うそつき村の残像たちへ
墜落したヘリコプターの乗組員が脳裏に浮かべた最後の映像が、彼が愛していた家族や恋人のものではなく、こどもの頃に駄菓子屋で食べた酢漬けイカの味であるとか、高校生の頃に毎日歩いていたあの道に通り雨が降った後のアスファルトの匂いであったなら、僕も少しだけ救われる気がする――とうそつき村の住民である松山田忠彦は言い、コップの底に残っていた氷をほおばってガリガリと音をたてながら食べ始めた。松山田がその「住民全員が本当のことを言ってはいけない村」に住み始めてから、三年が経つ。その間に、彼を取り巻く環境はすっかり変わってしまった。今では彼のことを信頼に足る相手だと思っている人間は、どこにもいなくなってしまった。

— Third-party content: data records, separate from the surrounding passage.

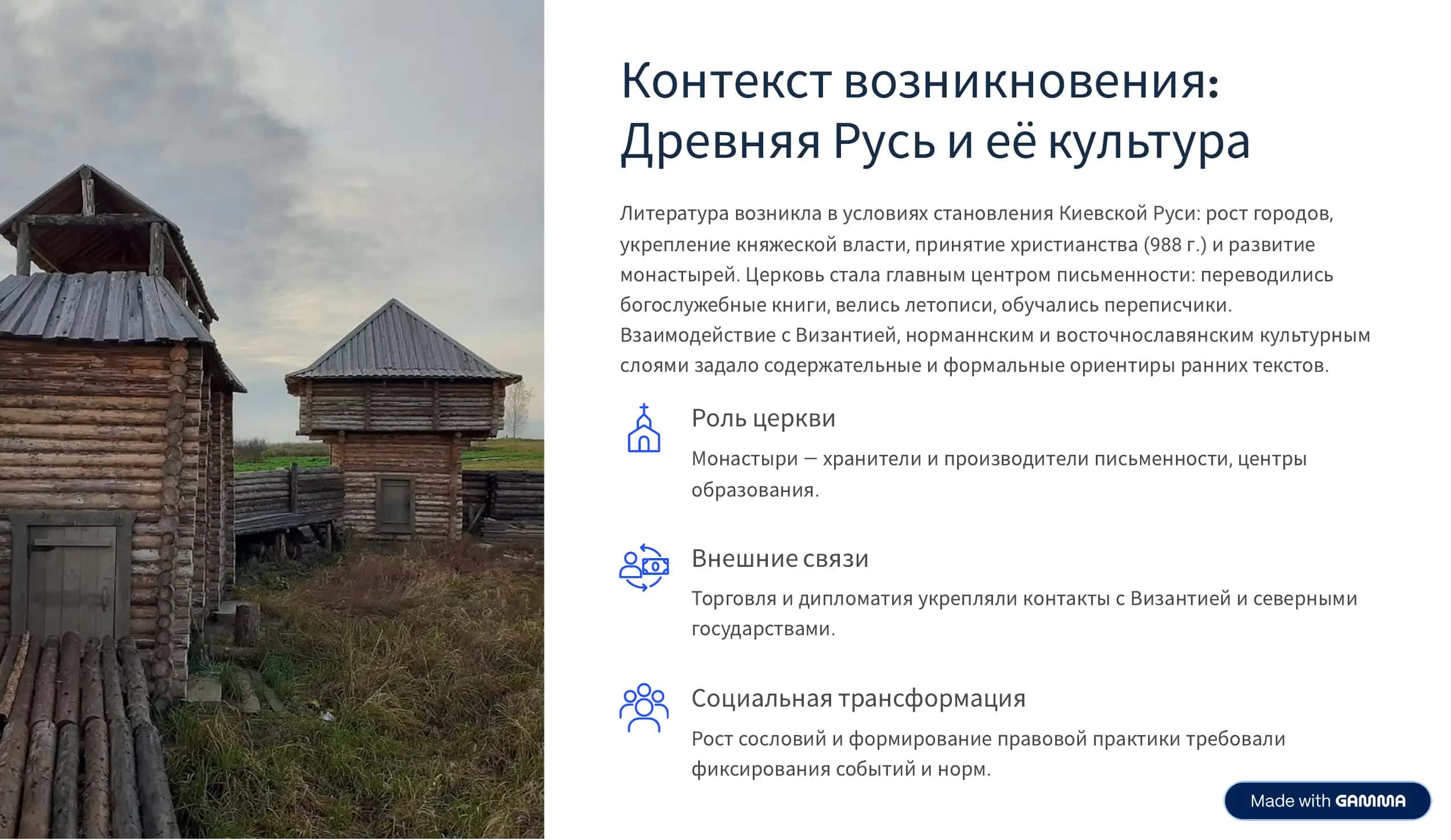 Курс: Курбонгулистон Ералиева 2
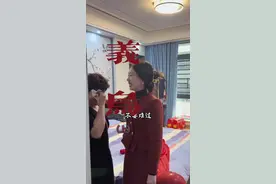 浙江父母在彩礼嫁妆和养老是怎么做的 #订婚习俗 #义乌十八担 #彩礼嫁妆 #浙江 #婚嫁习俗有哪些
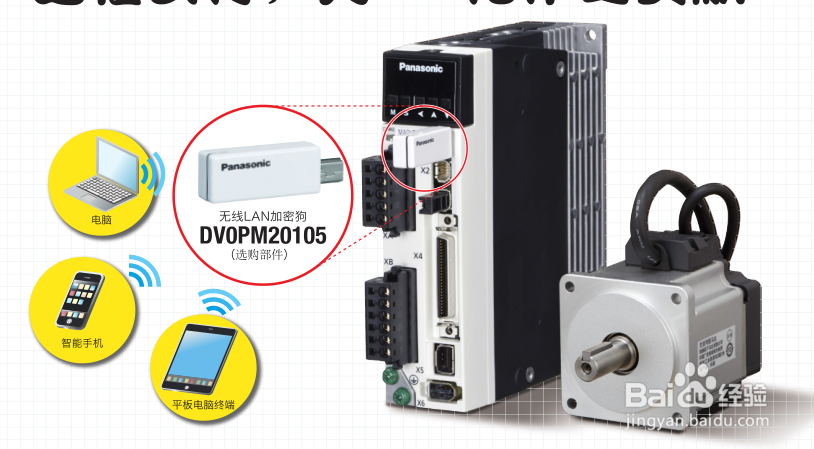 松下伺服恢复出厂设置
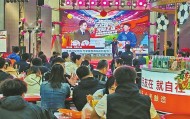 半岛体育APP-“东北超”踢火连城消费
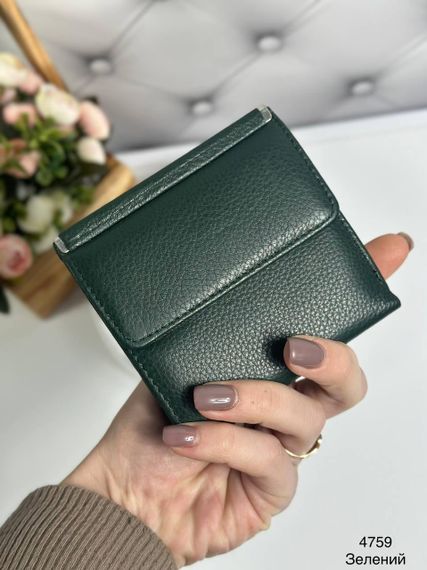 Гаманець жіночий маленький подвійного складання Зелений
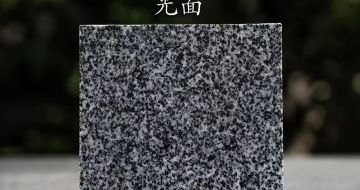 遵义 芝麻黑光面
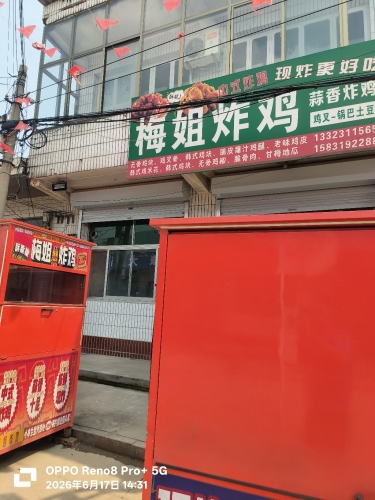 梅姐炸鸡
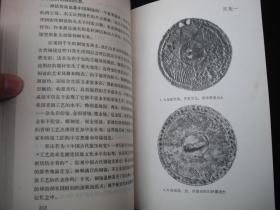 1984年文物出版社出版的------有多种铜镜图片的----【【中国古代铜镜】】----稀少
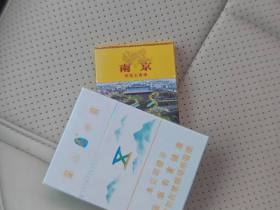 泰山(瀞五)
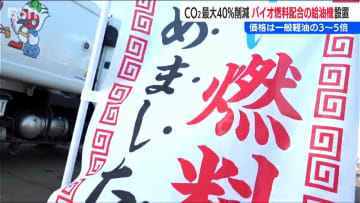 【国内初】CO2を最大40%削減し“脱炭素社会”を目指すバイオ燃料配合の軽油『リニューアブルディーゼル40』販売　新潟県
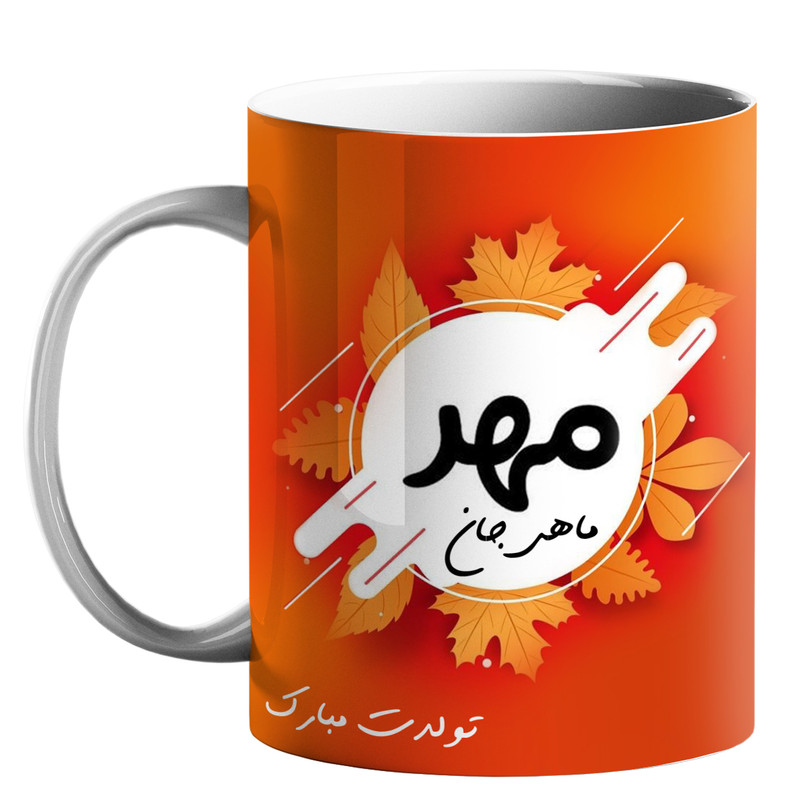 ماگ طرح متولد ماه مهر کد 20
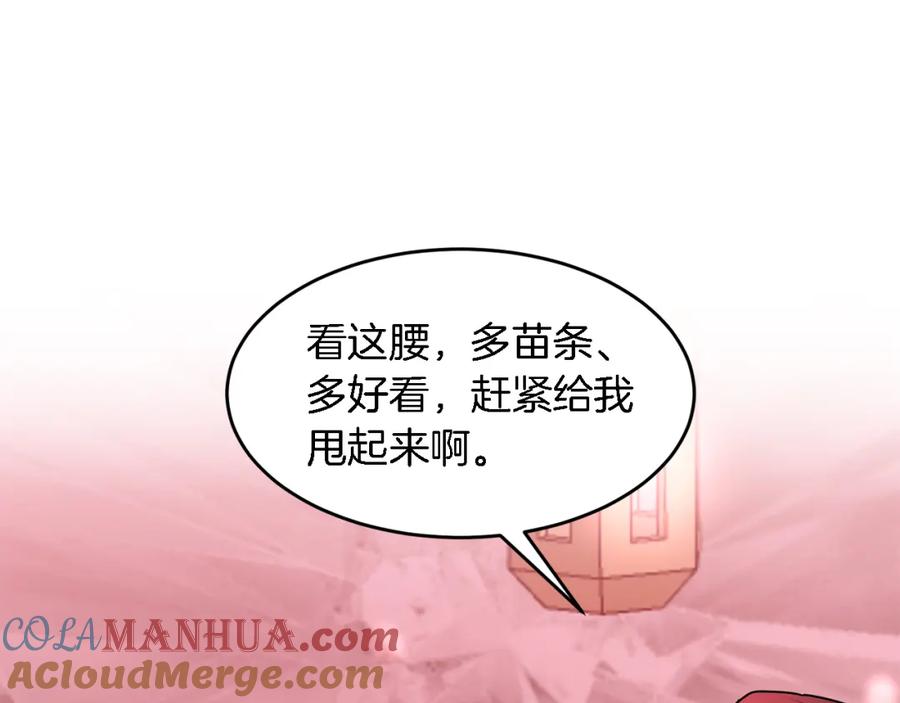 《重生后我被大佬宠上顶流》第19话 私人派对 第37页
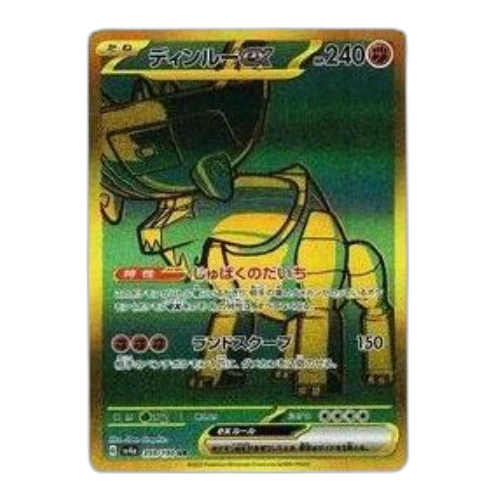 Pokemon Shiny Treasure ex [SV4a 359/190] 'Ting-Lu ex UR'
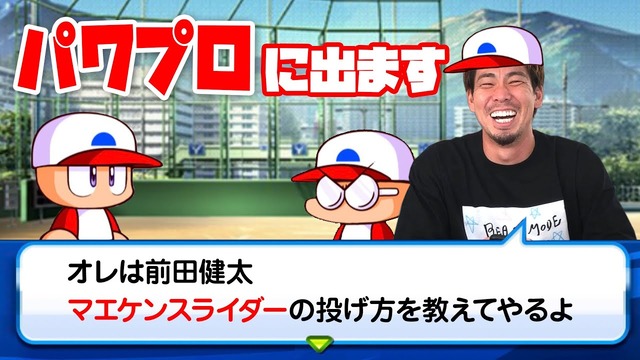 前田健太がパワプロとコラボ!「理想のマエケン」へ能力値修正希望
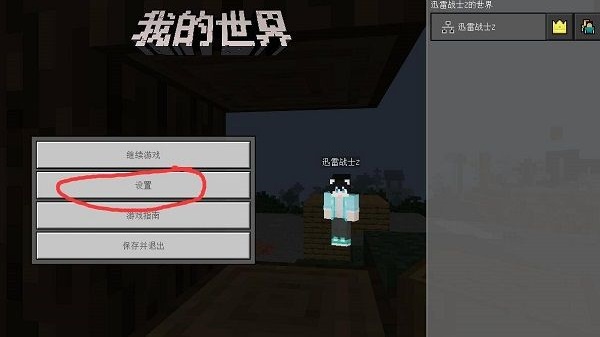 我的世界珍妮冒险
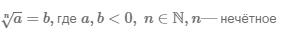 формула корня нечётной степени из отрицательного числа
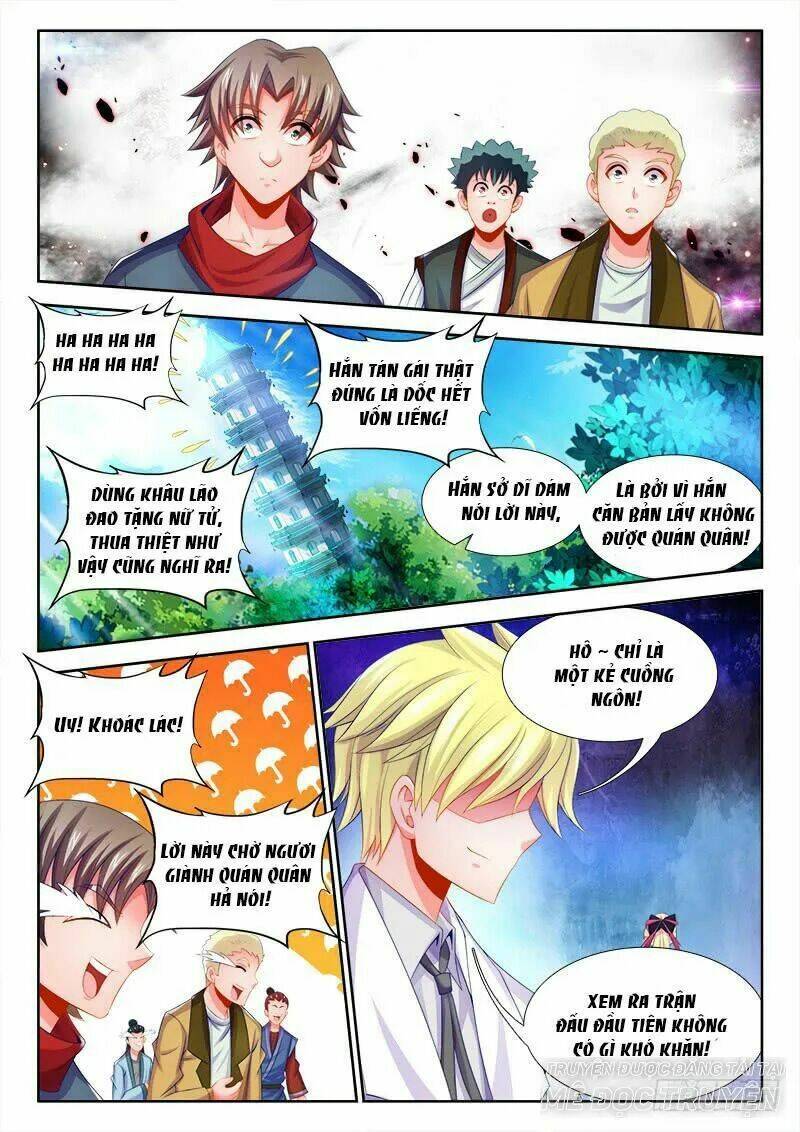 Thực Sắc Đại Lục - Chapter 94 - Page 10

「嘘をつくことの利点は、誰にも信用されなくなることだ。信用されることの重み、それを実感することなく自由に生きることができる。わかるかい? それにね、人に迷惑をかけたり、傷つけたりする嘘というのは、それほど多くない。例えば、僕があるとき、別になんとも思っていない女の子に『実は僕、ストッキングを履いてじゃないと興奮しないんだ。いや、相手に履かせるわけじゃないよ。僕が履くの。家では、いつもストッキングを履いてオナニーしているよ。フローリングを相手にね』なんて深刻な顔で告白をしたりする。君が知っているとおり、僕の嘘は大抵の場合完璧で、誰もが騙される。きっと彼女も僕の告白を信じてくれるだろう。でも、それが嘘であっても本当であっても、誰に迷惑がかかる? そのコが僕のことを真性の変態なんだ、って思うだけで誰にも迷惑をかけない。それどころか『あのコはきっと僕のことを真性の変態だと思っているんだ』って想像するだけで、こっちとしては興奮しちゃうよね」
うそつき村の位置は明らかにされておらず、国土地理院が出している詳細な日本地図のどのページにも記載はない。松山田が主張するところによれば、上九一色村の村役場から西に十五キロほど言ったところにある枯井戸が、うそつき村への抜け道になっている、とのことだ(しかし、今や上九一色村も存在しない村になってしまった)。かつて上九一色村に在住していた修行者たちは、うそつき村のことを「第四八サティアン」と呼んでいた。性的にも意味深い数字で呼ばれたそのサティアンは、シャンバラ王国樹立のための重火器製造工場があったとも、この世に蔓延るすべての悪しき言葉を封じ込めた禁断の土地とも言われている。
うそつき村の十二月はとても寒さが厳しいため、関節が弱いお年より向けのひざサポーターの売れ行きが芳しく、都市部からもひざサポーター専門のセールスマンが大挙する。松山田も元々はそのサラリーマンのひとりだった。「おばあちゃん、こんなに寒くなると、朝なんかとくに膝が痛くなりますよね? これね、ウチの新製品なんですけれど、この膝を包む部分に特別なジェルが入ってて、すごく良いんですよ」。